Some time ago, Kenneth Roy wrote a piece in the Scottish Review, lamenting the lost art of court reporting. Cub reporters, cutting their teeth with some regional paper, would be sent to the local courthouse until they had learned the one inviolable rule of court reporting – report only that which is said. Just the facts, without embellishment. It was considered an important grounding for any career in mainstream journalism at a time when reporting on the facts was considered an article of faith. Now we live in an era of fake news, where people can ‘mis-speak alternative facts’ and where fact checking comes as standard. But all is not lost. Emerging from the debris of what still passes for mainstream media, and with a legitimate claim to be its new face, are the many new, independent digital news platforms. And beneath all this churn in the national and international media, our appetite for regional and community news appears to be as keen as ever. To state the obvious, everything that happens, no matter how significant, has to happen somewhere local. In depth, local reporting is probably more important today than it has ever been. We should cherish our local press.
In the most recent briefing…
In 2001, a small group of parents in the East End of London began to campaign for a level of wage that they felt was the absolute minimum required in order to meet the cost of living. This quickly evolved into the Living Wage Campaign and in recent years this has been taken forward in Scotland by the Poverty Alliance. Some small employers, particularly cash strapped community groups, might feel that it is beyond their means to find the extra from within their budget. Wester Hailes community arts group, WHALE, beg to differ.
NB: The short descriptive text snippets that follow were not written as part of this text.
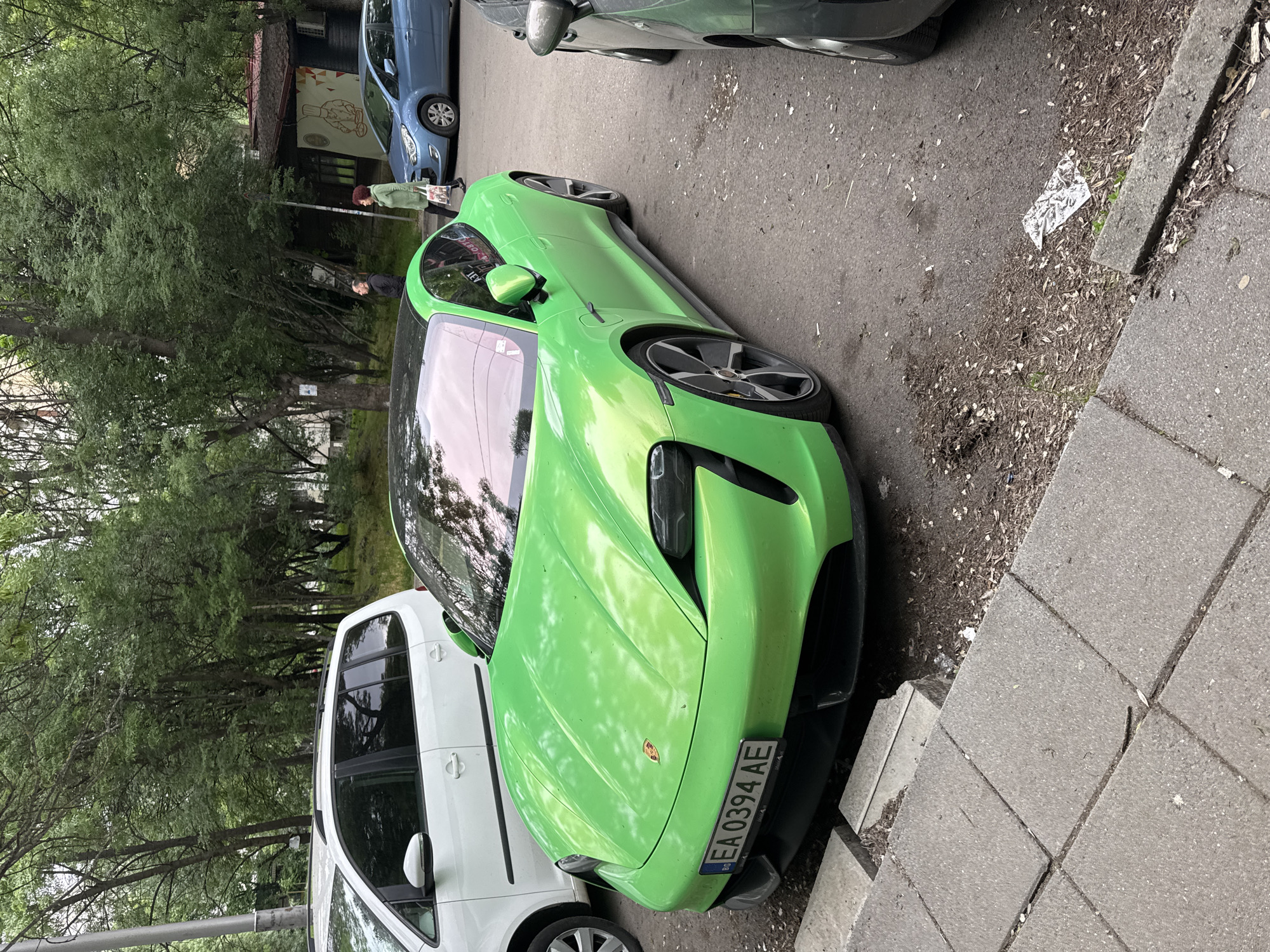 Lime-green Porsche spotted on Sofia street amid spring foliage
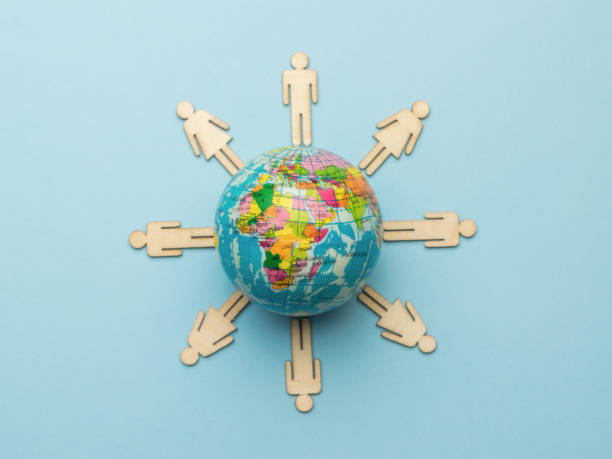 istock Wooden men around a model of the globe on a blue background. 1346281158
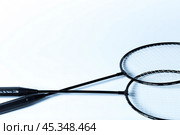 Badminton rackets on white. Стоковое фото, фотограф Сергей Толмачёв / Фотобанк Лори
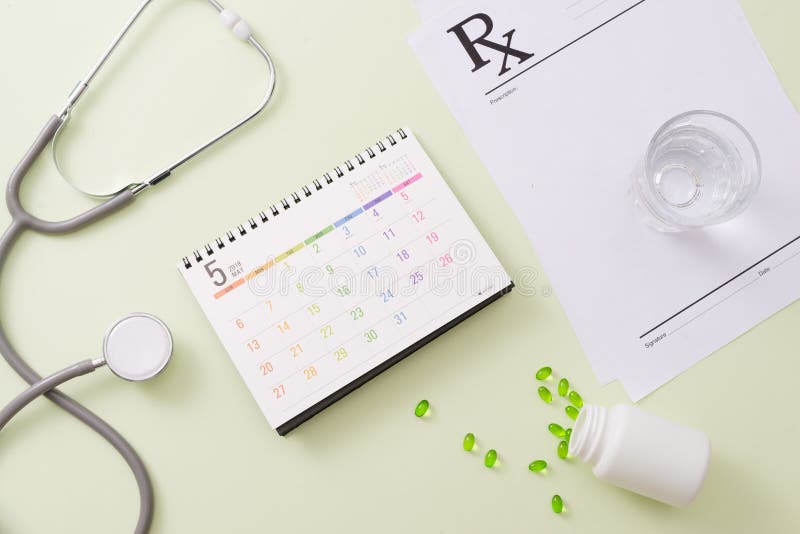 Stethoscope with drugs and pills on calendar page royalty free stock image Stethoscope with drugs and pills on calendar page royalty free stock image
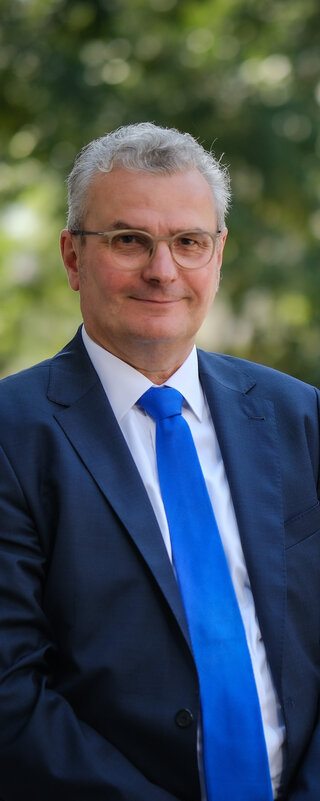 Herr Lenke und Frau Timm stehen nebeneinander, sie schauen freundlich in die Kamera. Sie stehen draußen, hinter ihnen sieht man Bäume und ein Stück Mauer.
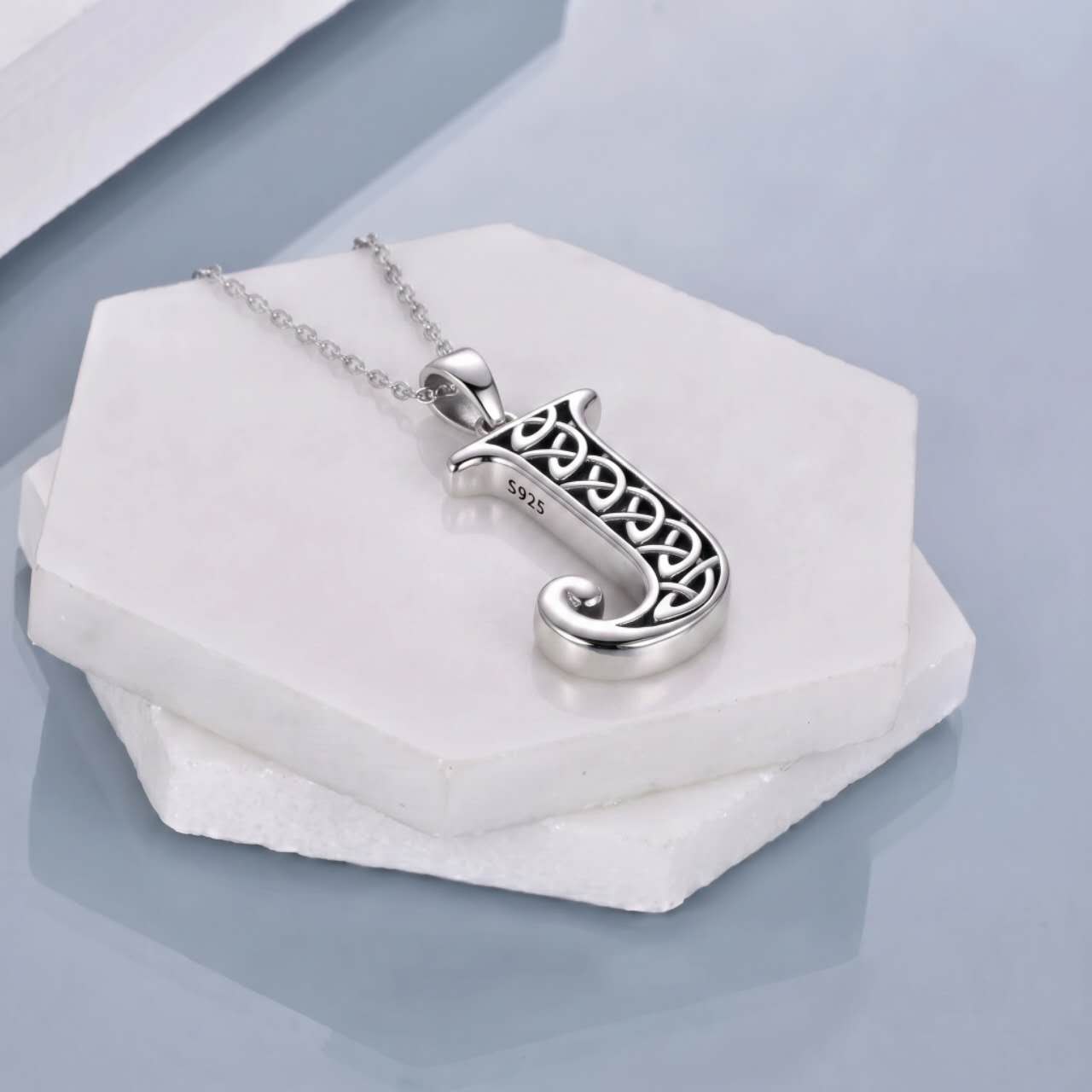A silver Celtic knot cremation pendant necklace featuring the letter 'J' on a delicate silver chain, displayed on stacked white stone slabs against a cool gray background.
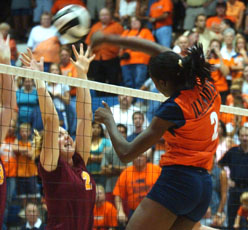Middle blocker Vicki Brown spikes the ball over the net at Illinois´ game against Loyola on Sept. 7 at Huff Hall. Tessa Pelias
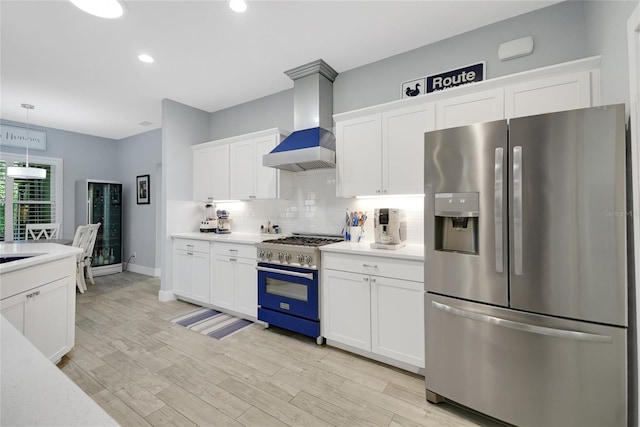 kitchen featuring appliances with stainless steel finishes, light wood-type flooring, wall chimney exhaust hood, pendant lighting, and white cabinets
Over many years a national network of cycle paths has been gradually developed to the point where there are now well over 2,000 miles of paths across Scotland. Sustrans, the national charity, which has been largely responsible for creating this important piece of national infrastructure are keen for the communities through which these paths pass, to put their mark on them. To this end Sustrans are inviting community groups to consider installing some pieces of public art along the way. Cash is available but the closing date is approaching fast.
Dendrophilia is a condition that afflicts millions of us and, in ever increasing numbers, whole communities. Also known as a love of trees, when communities get involved in the ownership and management of woodlands, the social and environmental benefits that arise from people being more connected with their surrounding nature are enormous. One aspect of the community woodland sector that is perhaps not so well developed is the question of how these assets can make a productive contribution to the local economy. A group based in Argyll, is about to break new ground in this respect.
Cornerstone is one of the largest social care charities in the country. If it were following the usual script, it would be pursuing ever more and ever larger contracts in order to grow the organisation. Except that it’s not doing that – in fact Cornerstone is doing the exact opposite of what might be expected. Hierarchical management structures are being removed and replaced with small, locally-focused, self-managing groups of staff. Cornerstone Scotland is becoming Cornerstone Local. This could be a turning point for the big care providers.
A few more pieces have fallen into place in the complicated jigsaw that will eventually see hutting become part and parcel of Scottish life. New legislation came into force last month that will make it a whole lot easier from a planning perspective for anyone who wants to build a hut for recreational use. And if you don’t know what that entails in a practical sense, but nonetheless like the idea of it, the group – A Thousand Huts – are getting very close to publishing a how-to guide. Watch this space.
Land speculation is, by nature, a risky business. If an investor were to buy a parcel of land (current value £30k) for £300k and thereafter sought planning permission to build a number of houses, the investor is speculating that if planning is granted, the £300k would prove to be money well spent. If on the other hand, planning is refused, the investor faces a hefty loss. Or so you might think. But so one sided is our planning system that the developer can pursue the planning authority for their speculative losses by issuing something called a Purchase Notice. De-risking speculation by any other name.
The human quality of kindness is hard to pin down and virtually impossible to measure but most folk know when they encounter it. We also know that it is important, vital even, to our wellbeing. Carnegie and JRF have been exploring what, if anything, could be done to encourage ‘kinder communities’. Their investigation looked closely at what a number of organisations have been doing to foster kindness and also at those factors which have a tendency to inhibit it. An interesting report and a lovely film to go with it.
When Scottish Parliament first introduced land reform legislation, it was lauded and damned in equal measure -predictable headlines from the right wing press screamed comparisons with Mugabe’s land grabs. But now that the community right to buy is firmly embedded within an ever lengthening list of community empowerment rights, the scale and complexity of community ambition is inevitably growing. From the tiny community on Isle of Ulva‘s ‘late’ bid to buy their island to the development trust in the centre of Edinburgh seeking to acquire a multi-million pound prime site. Will Scottish Government’s response match this level of ambition?